EXERCISE PROMPT:
Go through the data below and work out how many lines contain "White"; the answer is the number alone.

*** Opening of DATASET EXTRACT ***

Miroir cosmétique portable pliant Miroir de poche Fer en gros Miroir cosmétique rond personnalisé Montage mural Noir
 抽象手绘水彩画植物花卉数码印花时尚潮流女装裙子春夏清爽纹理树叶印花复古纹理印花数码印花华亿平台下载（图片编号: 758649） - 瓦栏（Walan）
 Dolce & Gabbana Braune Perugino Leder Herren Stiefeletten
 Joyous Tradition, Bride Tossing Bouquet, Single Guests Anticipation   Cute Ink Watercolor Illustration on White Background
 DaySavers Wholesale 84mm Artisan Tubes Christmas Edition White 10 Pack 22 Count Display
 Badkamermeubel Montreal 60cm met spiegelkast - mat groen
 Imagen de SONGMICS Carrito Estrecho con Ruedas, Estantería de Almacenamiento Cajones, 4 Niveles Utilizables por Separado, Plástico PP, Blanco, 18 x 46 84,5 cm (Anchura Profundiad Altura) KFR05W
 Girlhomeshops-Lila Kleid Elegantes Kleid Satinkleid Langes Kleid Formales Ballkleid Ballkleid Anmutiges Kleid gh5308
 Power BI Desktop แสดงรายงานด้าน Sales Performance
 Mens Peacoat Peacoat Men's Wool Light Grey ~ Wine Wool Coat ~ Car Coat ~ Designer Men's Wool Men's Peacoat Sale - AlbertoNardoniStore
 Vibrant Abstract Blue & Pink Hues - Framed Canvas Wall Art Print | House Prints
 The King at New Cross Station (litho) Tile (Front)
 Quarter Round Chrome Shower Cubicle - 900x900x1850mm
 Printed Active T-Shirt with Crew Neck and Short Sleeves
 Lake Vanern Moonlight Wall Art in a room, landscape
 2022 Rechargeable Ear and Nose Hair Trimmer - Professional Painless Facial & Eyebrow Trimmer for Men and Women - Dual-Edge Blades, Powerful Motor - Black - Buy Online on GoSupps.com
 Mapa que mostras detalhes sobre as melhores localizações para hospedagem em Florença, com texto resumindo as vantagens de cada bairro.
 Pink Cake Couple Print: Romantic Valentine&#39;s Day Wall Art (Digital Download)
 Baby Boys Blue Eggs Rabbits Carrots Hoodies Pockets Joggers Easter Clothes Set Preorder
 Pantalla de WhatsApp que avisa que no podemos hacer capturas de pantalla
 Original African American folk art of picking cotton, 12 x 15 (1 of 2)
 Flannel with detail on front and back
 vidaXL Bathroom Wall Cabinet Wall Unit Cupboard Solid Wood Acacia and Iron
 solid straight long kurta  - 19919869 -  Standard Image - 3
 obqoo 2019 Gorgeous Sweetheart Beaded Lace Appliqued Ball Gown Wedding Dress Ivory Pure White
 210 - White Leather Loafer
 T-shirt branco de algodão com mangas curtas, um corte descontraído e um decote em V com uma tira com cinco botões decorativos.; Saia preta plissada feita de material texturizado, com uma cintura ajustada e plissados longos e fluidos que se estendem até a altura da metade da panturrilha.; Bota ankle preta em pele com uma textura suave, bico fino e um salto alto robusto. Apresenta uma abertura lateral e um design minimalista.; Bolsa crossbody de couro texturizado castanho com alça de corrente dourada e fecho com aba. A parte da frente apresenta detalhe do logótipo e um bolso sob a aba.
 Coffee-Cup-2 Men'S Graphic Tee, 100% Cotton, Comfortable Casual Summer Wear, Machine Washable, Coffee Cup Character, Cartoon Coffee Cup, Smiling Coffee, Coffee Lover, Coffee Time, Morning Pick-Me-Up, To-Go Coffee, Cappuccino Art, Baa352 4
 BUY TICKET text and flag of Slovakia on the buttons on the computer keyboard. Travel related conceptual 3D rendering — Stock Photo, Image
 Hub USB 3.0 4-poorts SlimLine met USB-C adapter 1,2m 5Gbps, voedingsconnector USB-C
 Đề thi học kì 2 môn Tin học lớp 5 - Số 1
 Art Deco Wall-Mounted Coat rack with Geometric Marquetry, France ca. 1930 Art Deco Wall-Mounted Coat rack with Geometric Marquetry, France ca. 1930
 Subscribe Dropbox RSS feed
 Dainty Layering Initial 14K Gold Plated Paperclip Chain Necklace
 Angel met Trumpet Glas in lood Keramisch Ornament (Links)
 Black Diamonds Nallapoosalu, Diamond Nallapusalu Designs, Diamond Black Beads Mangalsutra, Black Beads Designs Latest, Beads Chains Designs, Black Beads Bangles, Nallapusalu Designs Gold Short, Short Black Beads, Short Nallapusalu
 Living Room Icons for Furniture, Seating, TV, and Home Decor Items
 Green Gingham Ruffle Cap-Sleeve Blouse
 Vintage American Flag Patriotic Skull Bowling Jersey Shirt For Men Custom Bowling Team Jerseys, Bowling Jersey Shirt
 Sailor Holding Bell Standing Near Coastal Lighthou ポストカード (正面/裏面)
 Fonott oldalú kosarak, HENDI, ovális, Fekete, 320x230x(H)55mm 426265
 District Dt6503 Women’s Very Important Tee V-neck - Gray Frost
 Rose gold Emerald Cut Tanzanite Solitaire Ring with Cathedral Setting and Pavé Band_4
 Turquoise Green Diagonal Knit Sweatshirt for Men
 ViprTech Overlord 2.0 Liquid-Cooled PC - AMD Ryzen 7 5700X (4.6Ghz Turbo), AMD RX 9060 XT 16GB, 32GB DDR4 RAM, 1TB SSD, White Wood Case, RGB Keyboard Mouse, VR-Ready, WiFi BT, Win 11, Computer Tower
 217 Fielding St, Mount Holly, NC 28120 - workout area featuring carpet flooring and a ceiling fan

*** Close of DATASET EXTRACT ***

EXPECTED ANSWER:
5